*** Opening of Extracted material ***

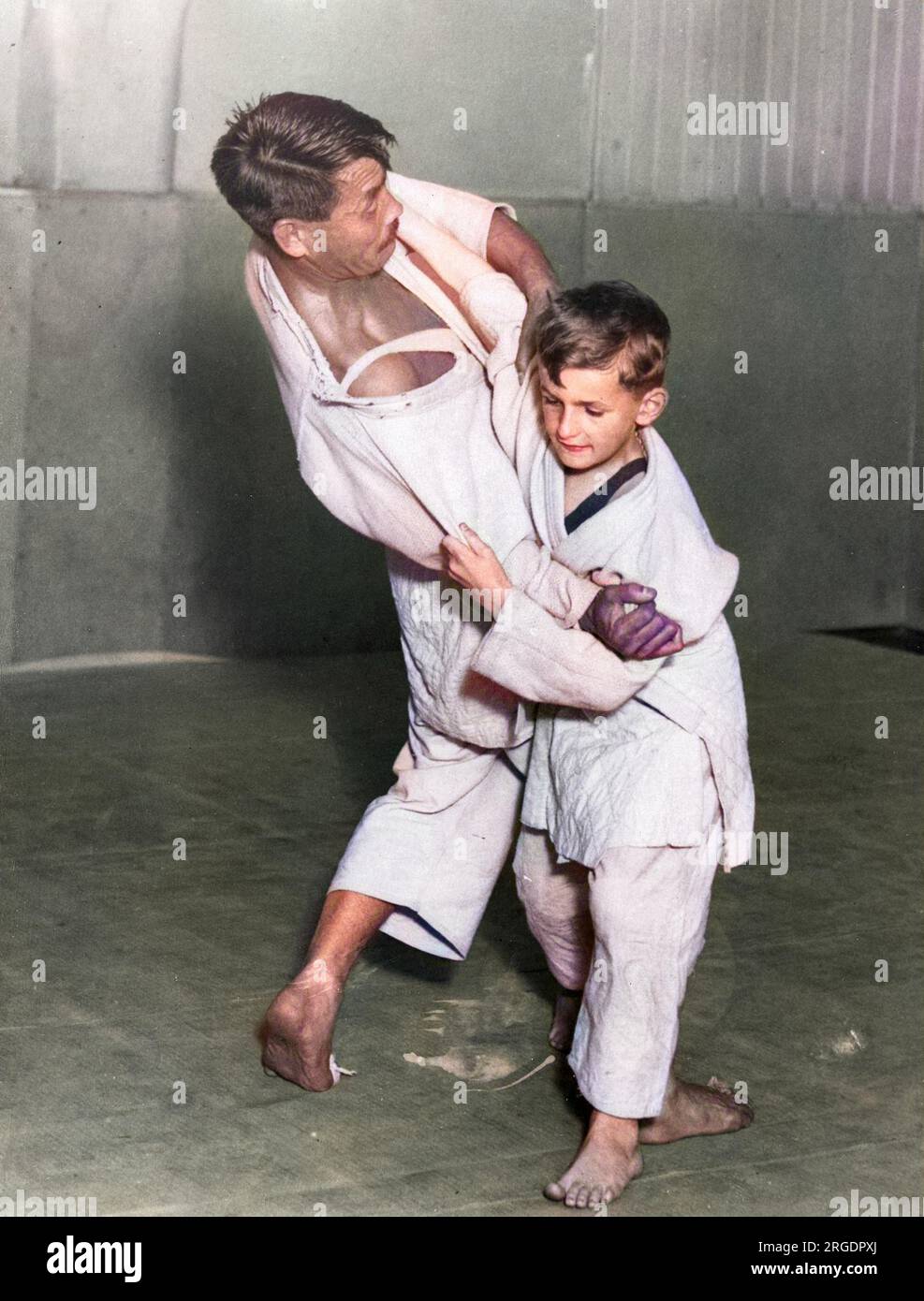 Mr. G. Koizumi, the Japanese expert, giving a JUJITSU lesson to young Master Andrew Eills! Stock Photo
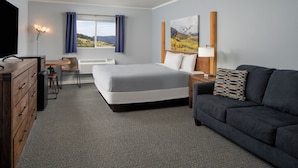 A hotel room with a bed, a desk, a chair, a sofa, a TV, and a window with curtains. - Gold King Mountain Inn (Cripple Creek)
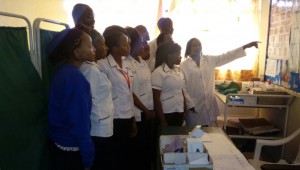 Ruth Mbugua, Head of Department Community Health Nursing showing students how to interprete the results of cervical cancer screening at Igegania Subcounty Hospital.
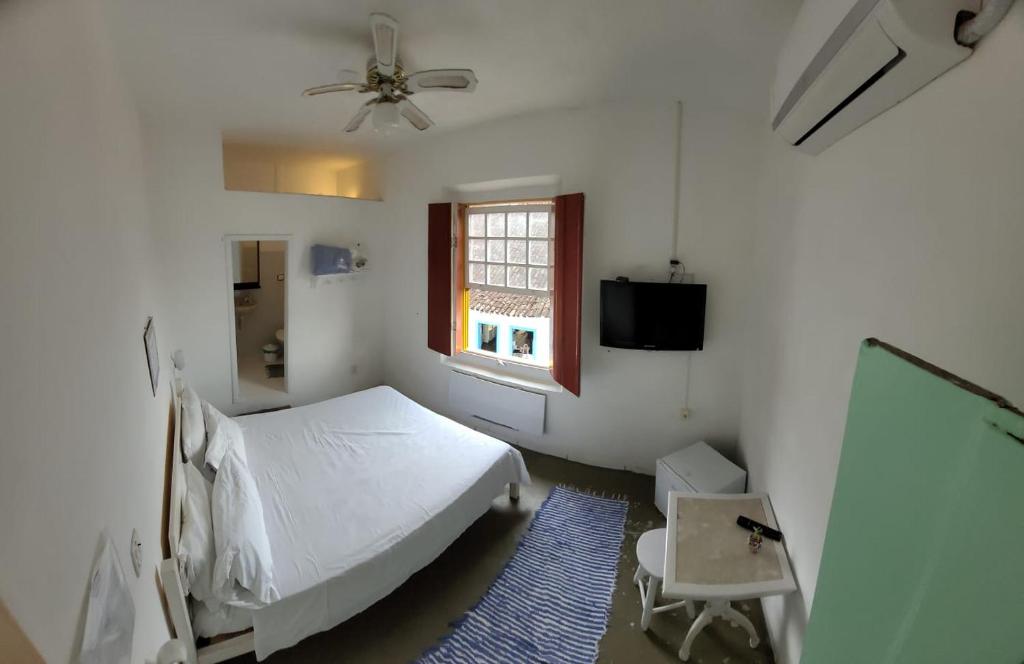 - une chambre blanche avec un lit et une fenêtre dans l'établissement Pousada Casa Da Lapa, à Parati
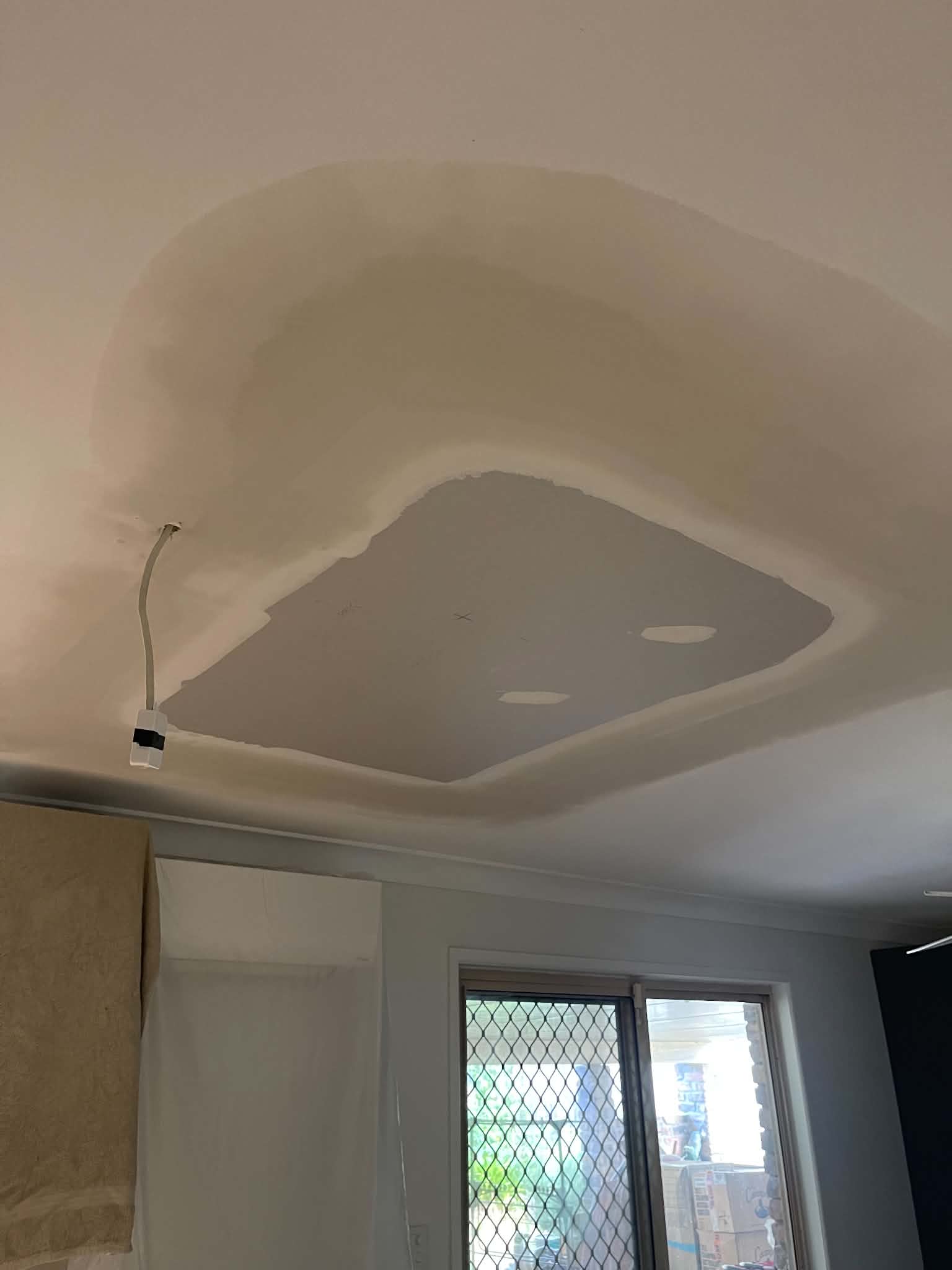 Ceiling repair with an access patch feathered into the surrounding sheet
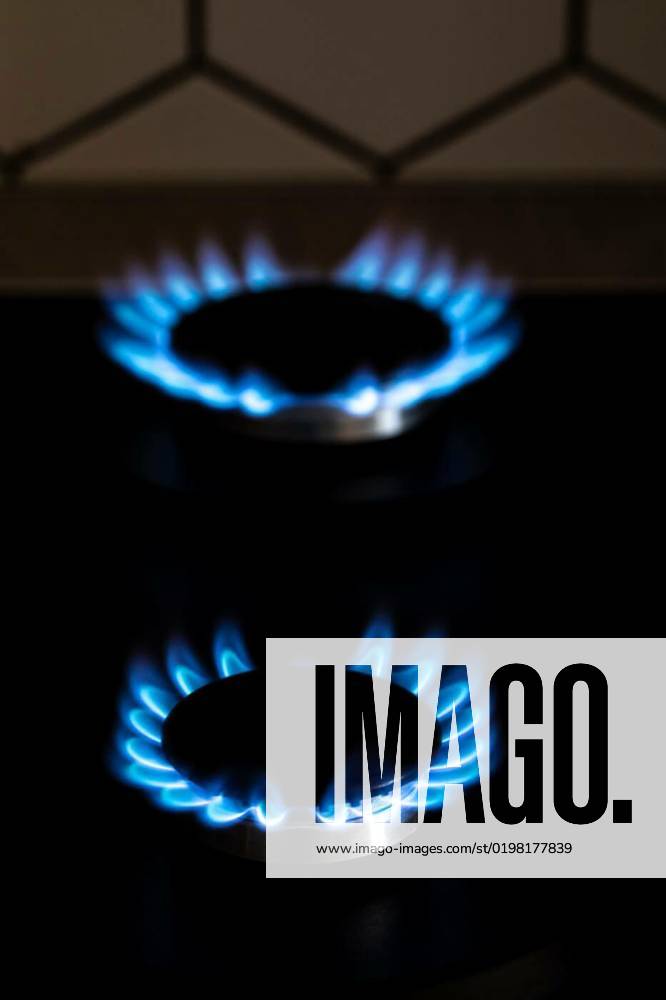 Closeup shot of blue fire from domestic kitchen stove top. Burning gas, gas stove burner. Gas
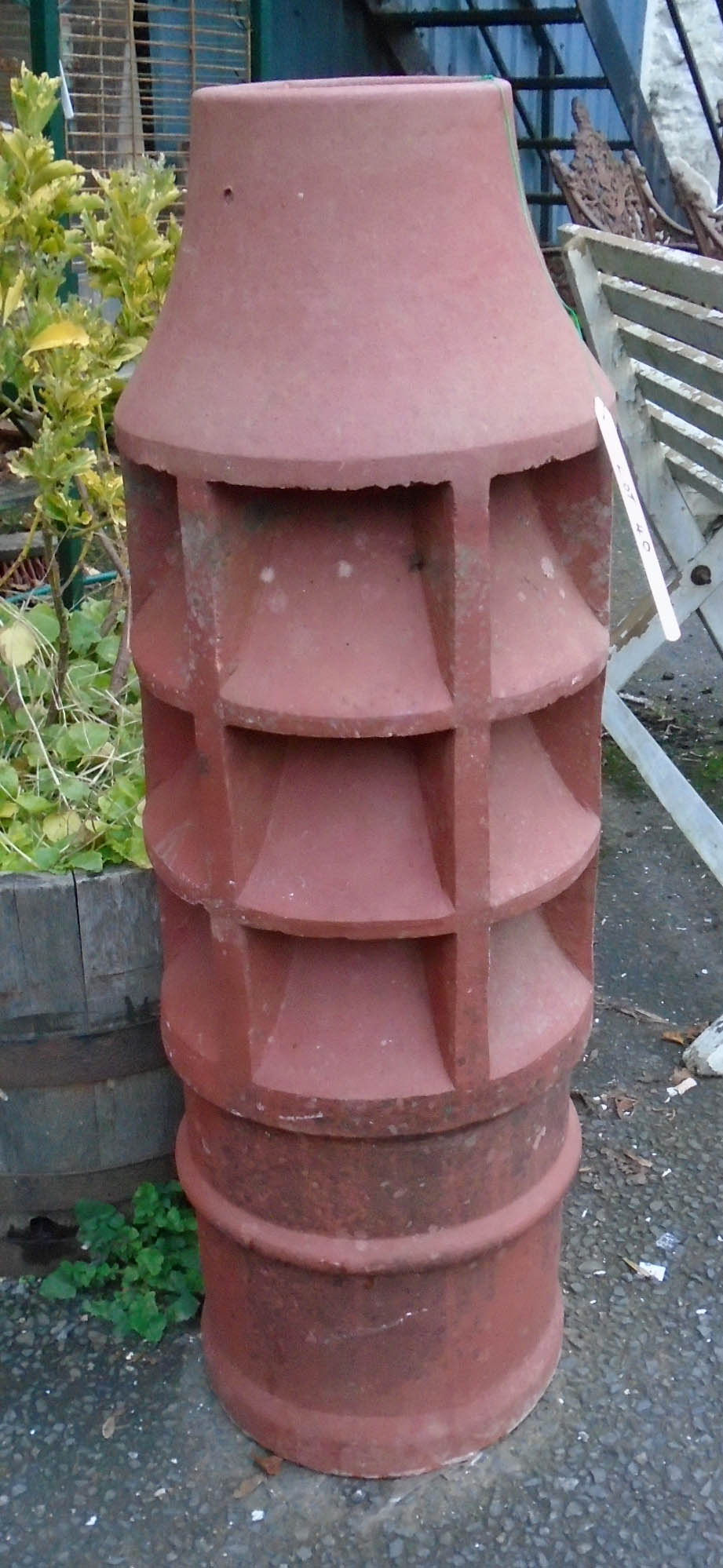 A 3' 3" terracotta chimney pot with vented sides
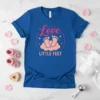 Blue t-shirt with "Love LITTLE FEET" text and baby feet on clouds graphic, pink and orange design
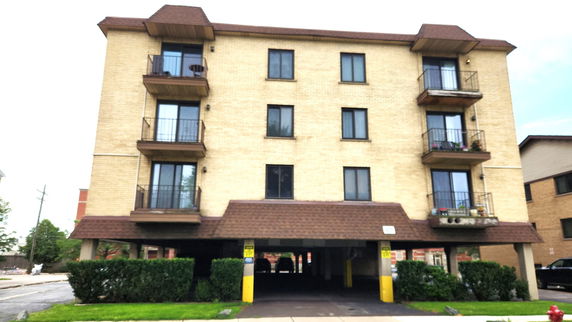 Front view of a multi-story apartment building with balconies.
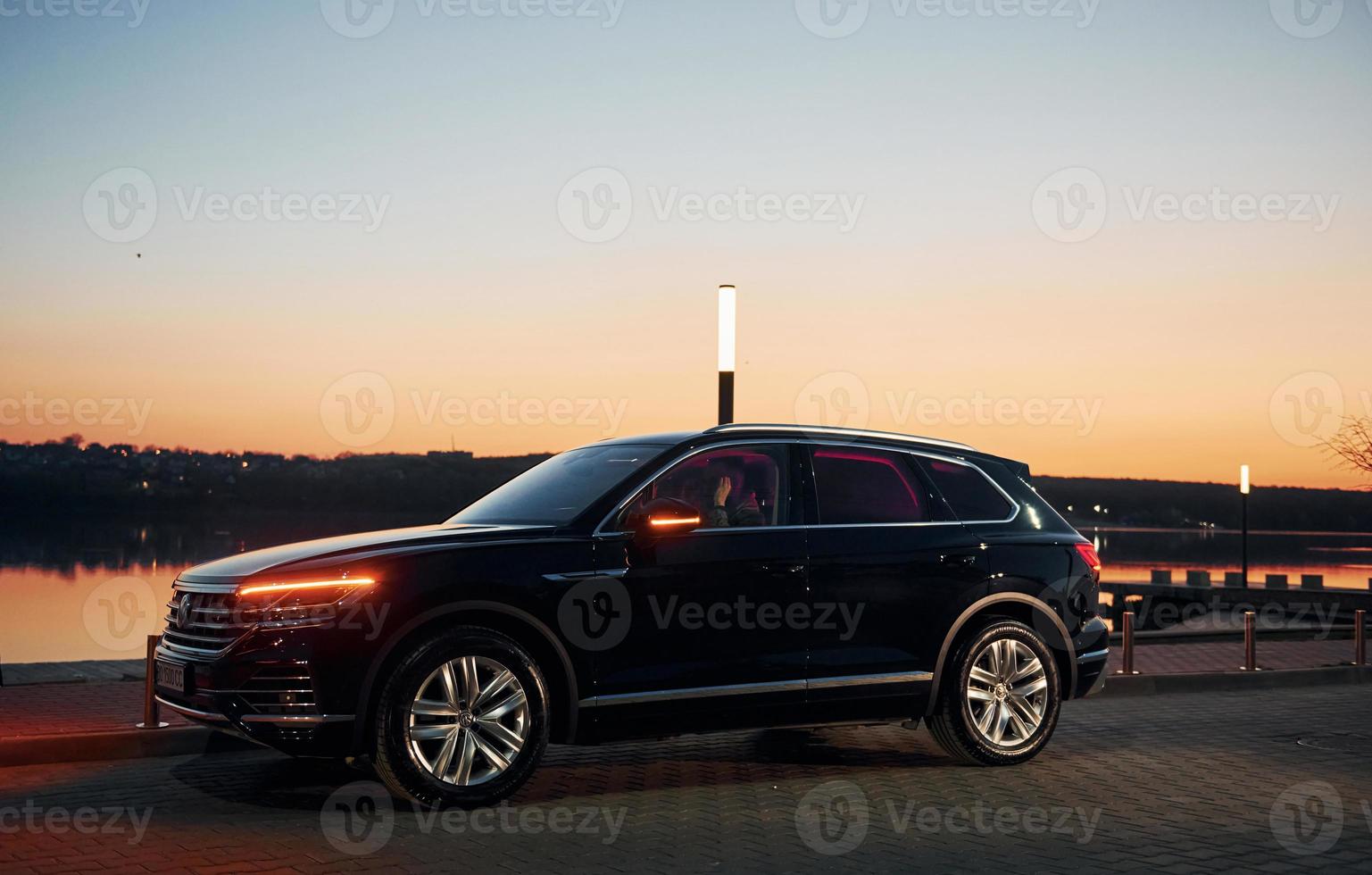 Car by the sunset photo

*** Close of Extracted material ***

Only the lines from the one that contains "with vented sides" to the end of the records, inclusive, are to be quoted exactly, with pictures excluded.

 A 3' 3" terracotta chimney pot with vented sides
 Blue t-shirt with "Love LITTLE FEET" text and baby feet on clouds graphic, pink and orange design
 Front view of a multi-story apartment building with balconies.
 Car by the sunset photo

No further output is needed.